[[ Data for processing, beginning ]]

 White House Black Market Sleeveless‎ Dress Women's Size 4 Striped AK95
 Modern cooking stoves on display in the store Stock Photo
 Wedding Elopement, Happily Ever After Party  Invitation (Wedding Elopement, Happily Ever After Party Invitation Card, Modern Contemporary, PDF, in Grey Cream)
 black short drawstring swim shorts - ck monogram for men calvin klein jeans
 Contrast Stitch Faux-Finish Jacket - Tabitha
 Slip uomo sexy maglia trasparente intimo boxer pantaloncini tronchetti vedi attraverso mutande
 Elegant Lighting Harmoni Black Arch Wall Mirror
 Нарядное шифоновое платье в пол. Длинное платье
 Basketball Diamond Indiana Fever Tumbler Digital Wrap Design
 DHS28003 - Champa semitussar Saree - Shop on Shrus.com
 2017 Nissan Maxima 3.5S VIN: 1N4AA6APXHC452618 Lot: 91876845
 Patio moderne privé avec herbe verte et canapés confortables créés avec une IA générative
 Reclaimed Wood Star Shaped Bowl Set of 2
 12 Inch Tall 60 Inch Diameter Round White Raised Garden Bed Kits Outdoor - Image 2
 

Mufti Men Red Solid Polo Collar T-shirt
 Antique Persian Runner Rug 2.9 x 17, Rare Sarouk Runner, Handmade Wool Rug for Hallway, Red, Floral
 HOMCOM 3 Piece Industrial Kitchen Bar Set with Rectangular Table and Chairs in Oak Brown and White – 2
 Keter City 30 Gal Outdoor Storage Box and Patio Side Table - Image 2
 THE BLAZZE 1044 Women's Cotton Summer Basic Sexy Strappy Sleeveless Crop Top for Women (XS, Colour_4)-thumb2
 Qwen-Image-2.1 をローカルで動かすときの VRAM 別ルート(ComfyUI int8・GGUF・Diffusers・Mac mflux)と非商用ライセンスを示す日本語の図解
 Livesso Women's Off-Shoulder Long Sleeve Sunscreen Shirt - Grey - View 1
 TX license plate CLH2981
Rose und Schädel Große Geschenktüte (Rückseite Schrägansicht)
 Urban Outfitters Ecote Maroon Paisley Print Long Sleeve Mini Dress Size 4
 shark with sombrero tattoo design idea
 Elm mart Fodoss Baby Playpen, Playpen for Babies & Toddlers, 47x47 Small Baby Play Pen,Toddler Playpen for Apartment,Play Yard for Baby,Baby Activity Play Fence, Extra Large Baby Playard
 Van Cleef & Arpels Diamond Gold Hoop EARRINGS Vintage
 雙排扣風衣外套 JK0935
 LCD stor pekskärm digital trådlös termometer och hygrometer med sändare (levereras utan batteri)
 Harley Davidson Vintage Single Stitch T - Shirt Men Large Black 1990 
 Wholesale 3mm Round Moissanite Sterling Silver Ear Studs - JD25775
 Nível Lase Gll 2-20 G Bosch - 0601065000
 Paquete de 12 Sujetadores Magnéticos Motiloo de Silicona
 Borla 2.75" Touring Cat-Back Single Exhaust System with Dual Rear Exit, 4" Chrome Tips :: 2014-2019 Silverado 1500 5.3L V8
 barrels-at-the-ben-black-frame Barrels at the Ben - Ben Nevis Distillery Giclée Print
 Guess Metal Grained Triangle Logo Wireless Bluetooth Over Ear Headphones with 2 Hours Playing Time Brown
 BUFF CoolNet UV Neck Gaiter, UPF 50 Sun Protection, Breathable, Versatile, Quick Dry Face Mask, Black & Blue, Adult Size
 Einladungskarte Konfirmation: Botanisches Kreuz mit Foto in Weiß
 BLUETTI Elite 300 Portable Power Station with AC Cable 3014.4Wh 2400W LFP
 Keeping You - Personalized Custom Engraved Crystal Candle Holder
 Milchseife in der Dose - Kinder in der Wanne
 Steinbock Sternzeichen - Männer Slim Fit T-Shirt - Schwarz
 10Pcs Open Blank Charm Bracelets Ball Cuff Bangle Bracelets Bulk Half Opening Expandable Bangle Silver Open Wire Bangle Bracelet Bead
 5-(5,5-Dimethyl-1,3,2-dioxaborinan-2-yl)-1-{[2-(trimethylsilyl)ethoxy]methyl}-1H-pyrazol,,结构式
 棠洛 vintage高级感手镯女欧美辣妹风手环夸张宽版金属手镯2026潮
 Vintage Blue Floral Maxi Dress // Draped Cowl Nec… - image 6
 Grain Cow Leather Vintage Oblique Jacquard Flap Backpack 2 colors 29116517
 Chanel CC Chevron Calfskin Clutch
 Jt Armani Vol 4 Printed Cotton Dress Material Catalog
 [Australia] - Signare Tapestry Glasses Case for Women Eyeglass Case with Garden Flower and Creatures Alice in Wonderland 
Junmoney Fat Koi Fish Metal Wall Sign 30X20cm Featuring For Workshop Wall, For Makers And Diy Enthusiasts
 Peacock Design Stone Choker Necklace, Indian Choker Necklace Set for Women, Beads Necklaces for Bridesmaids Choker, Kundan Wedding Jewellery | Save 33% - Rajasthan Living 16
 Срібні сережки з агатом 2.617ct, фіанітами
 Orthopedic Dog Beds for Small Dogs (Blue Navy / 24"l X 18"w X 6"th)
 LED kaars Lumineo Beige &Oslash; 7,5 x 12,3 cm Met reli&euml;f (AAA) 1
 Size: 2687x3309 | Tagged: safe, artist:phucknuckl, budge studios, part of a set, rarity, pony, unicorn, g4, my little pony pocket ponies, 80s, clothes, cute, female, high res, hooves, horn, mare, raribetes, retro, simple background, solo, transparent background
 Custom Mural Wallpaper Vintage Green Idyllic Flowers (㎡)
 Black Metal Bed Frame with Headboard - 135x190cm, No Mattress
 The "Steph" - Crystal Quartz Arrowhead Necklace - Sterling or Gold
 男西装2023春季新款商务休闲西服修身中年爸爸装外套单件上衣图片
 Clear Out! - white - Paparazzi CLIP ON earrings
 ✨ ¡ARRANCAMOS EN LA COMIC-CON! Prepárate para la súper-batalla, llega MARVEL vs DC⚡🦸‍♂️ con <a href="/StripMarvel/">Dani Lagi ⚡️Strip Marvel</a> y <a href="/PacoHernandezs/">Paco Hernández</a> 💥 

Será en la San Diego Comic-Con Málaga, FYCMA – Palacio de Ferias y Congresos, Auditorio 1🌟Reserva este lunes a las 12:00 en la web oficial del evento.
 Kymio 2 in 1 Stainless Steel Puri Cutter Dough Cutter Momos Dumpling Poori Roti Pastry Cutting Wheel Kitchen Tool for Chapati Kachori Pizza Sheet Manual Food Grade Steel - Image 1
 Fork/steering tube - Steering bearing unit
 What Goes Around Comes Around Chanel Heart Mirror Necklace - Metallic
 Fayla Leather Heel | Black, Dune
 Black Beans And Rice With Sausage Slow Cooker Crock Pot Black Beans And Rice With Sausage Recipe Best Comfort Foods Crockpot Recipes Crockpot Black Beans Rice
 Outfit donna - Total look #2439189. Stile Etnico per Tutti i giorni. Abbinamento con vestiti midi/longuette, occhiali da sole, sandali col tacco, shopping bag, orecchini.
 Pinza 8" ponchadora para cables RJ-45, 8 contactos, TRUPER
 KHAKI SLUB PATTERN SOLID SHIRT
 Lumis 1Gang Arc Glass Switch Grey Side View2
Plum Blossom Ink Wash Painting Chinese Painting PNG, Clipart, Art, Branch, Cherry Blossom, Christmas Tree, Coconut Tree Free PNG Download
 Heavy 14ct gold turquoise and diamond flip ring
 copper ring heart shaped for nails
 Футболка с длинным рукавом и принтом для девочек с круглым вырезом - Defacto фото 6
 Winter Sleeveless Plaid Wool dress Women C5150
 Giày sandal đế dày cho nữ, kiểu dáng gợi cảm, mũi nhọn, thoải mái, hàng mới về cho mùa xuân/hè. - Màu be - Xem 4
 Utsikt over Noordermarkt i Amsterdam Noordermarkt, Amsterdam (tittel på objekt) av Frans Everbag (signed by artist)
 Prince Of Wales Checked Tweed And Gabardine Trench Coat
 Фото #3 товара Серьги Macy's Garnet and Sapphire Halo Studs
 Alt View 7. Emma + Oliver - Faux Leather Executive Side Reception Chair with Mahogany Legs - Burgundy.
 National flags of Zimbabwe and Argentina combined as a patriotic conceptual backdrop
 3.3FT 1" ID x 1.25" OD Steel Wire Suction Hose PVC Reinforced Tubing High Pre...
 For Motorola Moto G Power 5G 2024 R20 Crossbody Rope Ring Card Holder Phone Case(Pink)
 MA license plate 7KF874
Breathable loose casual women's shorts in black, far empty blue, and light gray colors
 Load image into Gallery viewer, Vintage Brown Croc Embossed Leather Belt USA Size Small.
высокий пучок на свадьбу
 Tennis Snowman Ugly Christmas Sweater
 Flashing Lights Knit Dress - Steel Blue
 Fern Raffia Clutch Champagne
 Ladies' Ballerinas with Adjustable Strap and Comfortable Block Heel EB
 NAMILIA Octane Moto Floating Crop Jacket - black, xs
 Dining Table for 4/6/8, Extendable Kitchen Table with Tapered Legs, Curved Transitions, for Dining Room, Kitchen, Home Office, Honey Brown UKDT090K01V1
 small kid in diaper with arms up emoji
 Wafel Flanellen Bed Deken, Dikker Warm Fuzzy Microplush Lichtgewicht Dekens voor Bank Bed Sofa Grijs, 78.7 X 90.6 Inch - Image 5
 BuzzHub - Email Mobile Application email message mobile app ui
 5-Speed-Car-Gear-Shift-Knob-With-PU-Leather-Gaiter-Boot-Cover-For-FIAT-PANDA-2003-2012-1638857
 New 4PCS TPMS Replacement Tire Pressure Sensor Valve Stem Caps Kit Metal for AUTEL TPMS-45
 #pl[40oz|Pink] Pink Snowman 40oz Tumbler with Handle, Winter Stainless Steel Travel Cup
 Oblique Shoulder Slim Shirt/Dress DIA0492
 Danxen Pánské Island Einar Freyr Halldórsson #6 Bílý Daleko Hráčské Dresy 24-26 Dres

[[ Data for processing, end ]]

Your task:
Which lines above contain the word "Chanel"? Copy all of them.

Task output:
 Chanel CC Chevron Calfskin Clutch
 What Goes Around Comes Around Chanel Heart Mirror Necklace - Metallic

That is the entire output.